Dictionary of Valencies Meets Corpus Annotation: A Case of Russian FrameBank

By November 17, 2016,
AuthorOlga Lyashevskaya
TitleDictionary of Valencies Meets Corpus Annotation: A Case of Russian FrameBank
AbstractThe Russian FrameBank project aims at the development of a hybrid lexical resource that links a dictionary of valencies and an annotated corpus. Two types of data present generalized lexical constructions (LexCxs) and their realizations in contemporary written texts (1950-present).

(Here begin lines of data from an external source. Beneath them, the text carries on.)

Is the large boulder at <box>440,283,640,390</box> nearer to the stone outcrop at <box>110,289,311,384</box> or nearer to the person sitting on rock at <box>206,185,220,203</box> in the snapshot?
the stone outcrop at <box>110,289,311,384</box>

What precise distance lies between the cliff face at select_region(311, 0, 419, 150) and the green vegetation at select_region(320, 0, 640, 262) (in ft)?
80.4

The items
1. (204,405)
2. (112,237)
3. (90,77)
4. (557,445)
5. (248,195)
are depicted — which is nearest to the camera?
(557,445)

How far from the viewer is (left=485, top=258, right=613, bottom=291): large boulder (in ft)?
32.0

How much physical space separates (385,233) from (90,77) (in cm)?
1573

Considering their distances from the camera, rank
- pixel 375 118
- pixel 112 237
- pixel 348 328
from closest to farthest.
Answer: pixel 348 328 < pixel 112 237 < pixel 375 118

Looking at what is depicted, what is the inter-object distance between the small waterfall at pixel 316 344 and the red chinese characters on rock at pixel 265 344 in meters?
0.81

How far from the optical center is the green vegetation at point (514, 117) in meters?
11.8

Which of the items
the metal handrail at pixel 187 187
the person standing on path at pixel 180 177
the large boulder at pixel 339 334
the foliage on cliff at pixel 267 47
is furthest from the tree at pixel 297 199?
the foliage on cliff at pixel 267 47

The predicate-argument structure for verbs, nominalizations, adjectives, adverbs, and other lexical units in Russian is mostly encoded in case and prepositional marking while word alignment is determined by information structure. This means that an argument can be found in any part of the sentence and the window for argument detection is infinitely wide. Russian predicates reveal more than 1000 typical morphosyntactic patterns; the number of shallow realizations under certain grammatical and discourse constraints is even greater.
Morphosyntactic patterns are not fully predictable by semantics (Apresjan 1967), and, hence, we can speak here about lexical constructions. The patterns with lexical slots evoked by two or more target lexemes (e.g. idiomatic phrases like vzjal i ‘he suddenly (lit. took and) ’) are also treated as LexCxs. As experiments on unsupervised LexCx retrieval have shown (Toldova et al. 2008, Lashevskaja and Mitrofanova 2009), there is a great need for an open data pool annotated manually for lexical frames. In a wider perspective, the project on tagging the form and meaning pairings is of great significance for lexical and syntactic research, lexicography, and IR tasks.

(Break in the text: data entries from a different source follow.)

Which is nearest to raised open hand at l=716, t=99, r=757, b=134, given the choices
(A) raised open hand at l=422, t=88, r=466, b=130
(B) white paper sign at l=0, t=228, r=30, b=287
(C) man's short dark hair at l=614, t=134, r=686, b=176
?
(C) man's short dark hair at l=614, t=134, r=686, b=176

The dictionary of lexical constructions matches frames evoked by a particular target word into morphosyntactic patterns. The relevant dataset here is semantic explications (roles), lexico-semantic constrains (e.g. human, emotion, etc.), morphosyntactic constraints on the elements, their syntactic ranks.
FrameBank is an offspring project of the Russian National Corpus (http://www.ruscorpora.ru) and involves a large illustrative sample taken from the corpus. The goal of framenet-like corpus annotation is to reveal the diverse realizations of a certain LexCxs in the running text and to mark the elements that correspond to constructional arguments and adjuncts. The corpus part of FrameBank details morphological and syntactic mismatches, violation of lexical and semantic constraints, and focuses on the grammatical constructions that introduce or license the use of elements within a given construction. This is a report on work in progress, which can be followed at http://framebank.ru.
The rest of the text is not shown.